INPUT FOR THIS TASK -
★ ★ ★ ★

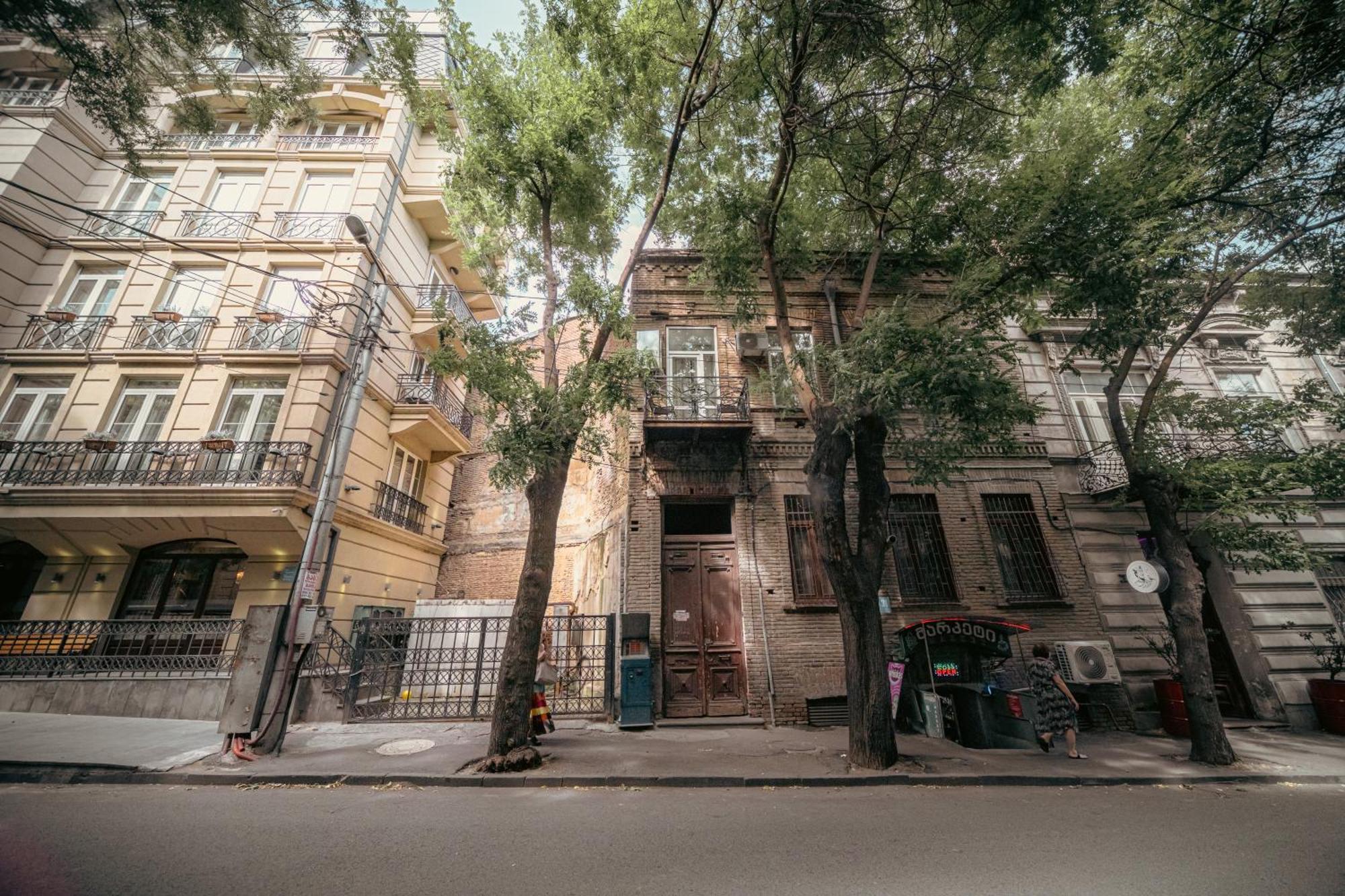 Guest House Tabukashvili 31 Τυφλίδα Εξωτερικό φωτογραφία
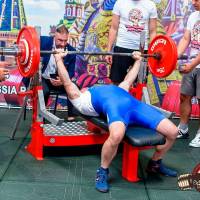OPEN EURASIA CHAMPIONSHIP IPC/IPC-A/WAA-2025  (часть 1) (Фото №#0321)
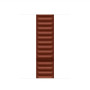 Apple Leather Link - S/M 41 Umber
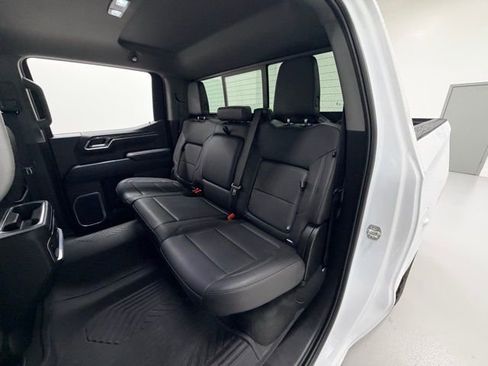 Certified 2025 Chevrolet Silverado 1500 LTZ image 26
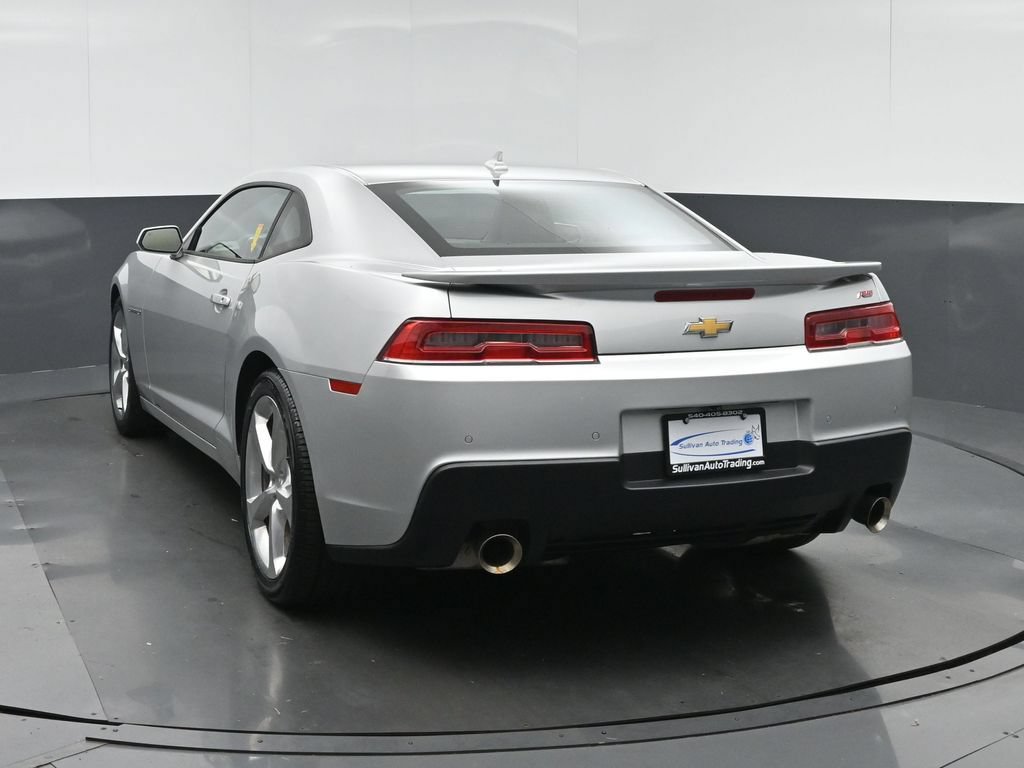 Used 2014 Chevrolet Camaro LT w/ RS Package RWD image 5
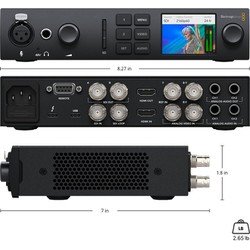 Blackmagic Design UltraStudio 4K Mini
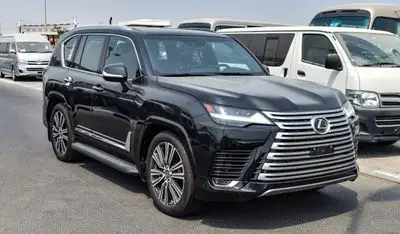 لكزس LX 600 لكزس LX-600 SIGNATURE 2023 للمحلية والتصدير مسجلة بالفعل في الإمارات العربية المتحدة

★ ★ ★ ★

WHAT IS REQUIRED - Every line of the data above is to be repeated exactly; the images are to be left out.

RESULT OF THE EXERCISE -
 Guest House Tabukashvili 31 Τυφλίδα Εξωτερικό φωτογραφία
OPEN EURASIA CHAMPIONSHIP IPC/IPC-A/WAA-2025  (часть 1) (Фото №#0321)
 Apple Leather Link - S/M 41 Umber
 Certified 2025 Chevrolet Silverado 1500 LTZ image 26
 Used 2014 Chevrolet Camaro LT w/ RS Package RWD image 5
 Blackmagic Design UltraStudio 4K Mini
 لكزس LX 600 لكزس LX-600 SIGNATURE 2023 للمحلية والتصدير مسجلة بالفعل في الإمارات العربية المتحدة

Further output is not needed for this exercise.